Road that involves the construction of a similar road

Twinning a road involves the construction of a similar or identical parallel road. It is usually done when an existing highway requires a significant increase in capacity. Twinning is frequently advantageous because it allows traffic capacity to be doubled and produces a dual carriageway with separation between traffic directions and keeps the existing right of way. Additionally, unlike simple widening, twinning has minimal construction impact for traffic on the old road while the twin is being built.

Some freeways are constructed by bypassing an established two- or four-lane highway. The older highways, constructed before travel demand on those routes was high or before the legislation of control of access are often lined with residences, businesses, and farms. Without control of access, a municipal, state, or provincial government is obliged to provide a driveway access where the owner sees fit. In practice, road twinning projects are usually impractical in more populated regions and are more typically done through non-agricultural corridors (except in cases where the twinned highway is not grade-separated and allows driveway access) with fewer settlements and have sections of new bypasses built around the settlements that do exist.
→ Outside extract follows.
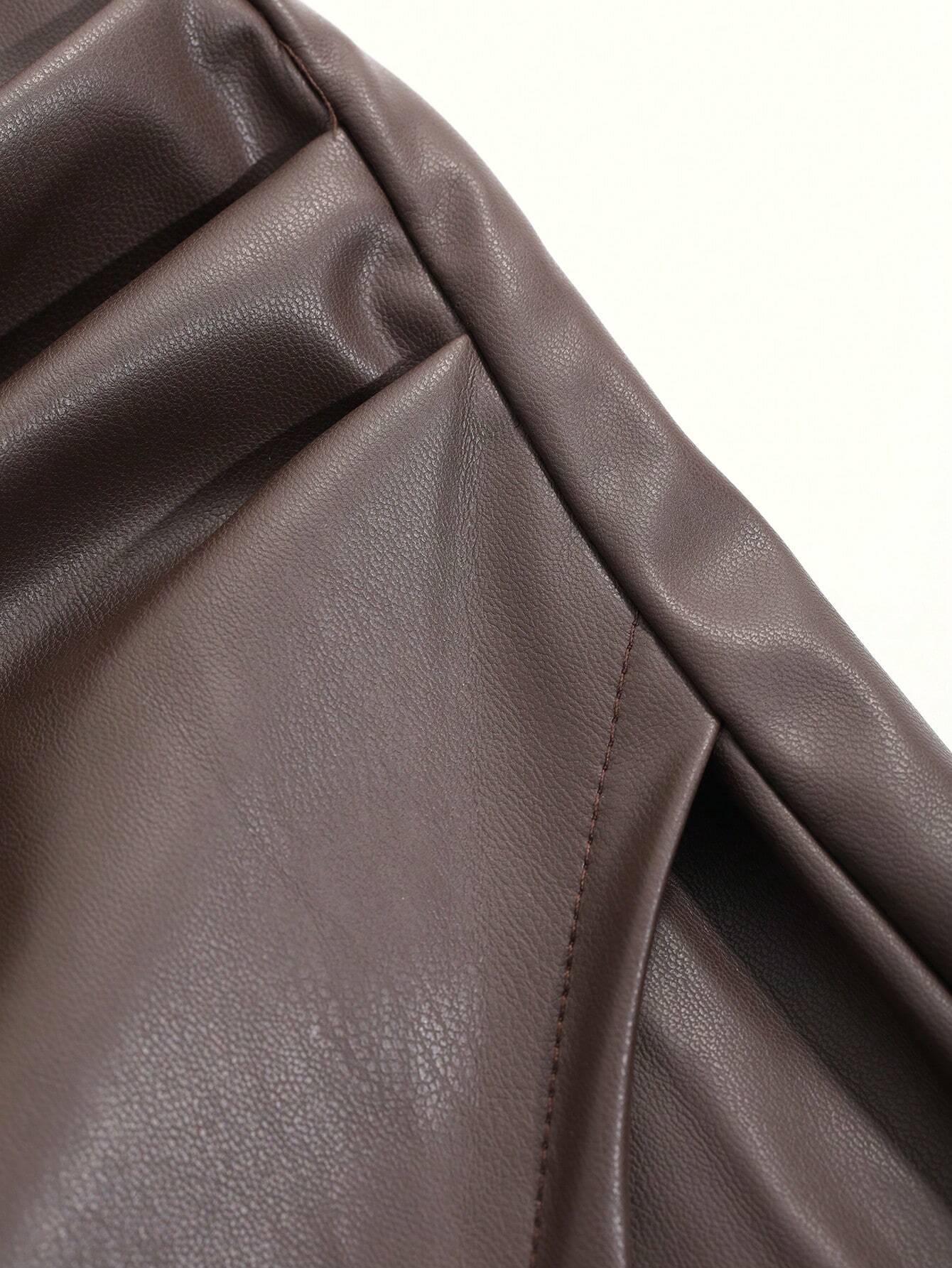 SHEIN DAZY Women's Solid Color Asymmetric Design Casual Skirt,Pencil Skirt Leather Skirt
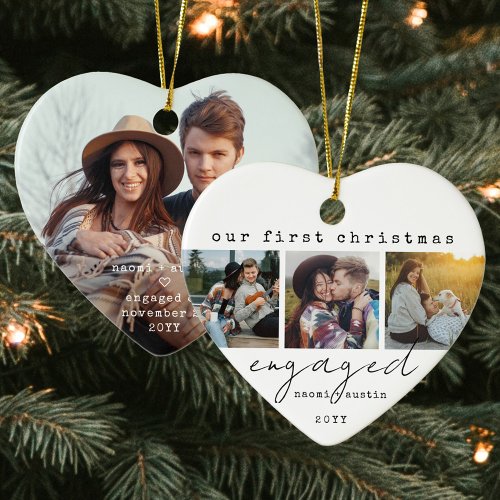 1st Christmas Engaged Minimal Unique 4 Photo Heart Ceramic Ornament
The bypass (or sometimes an entirely-new highway) may be initially designed as a freeway, but often, the need for such a route is not immediately present. Instead, a two-lane road with no properties abutting it is constructed. A wide right-of-way is purchased in most cases so that enough property is available to simply twin the highway. Such roads are known as a Super Two and can be easily upgraded to a freeway by constructing interchanges and by twinning the road.

Twinning is often a public preference to reduce the dangers of overcrowded two-lane single carriageways, like sections of the Trans-Canada Highway.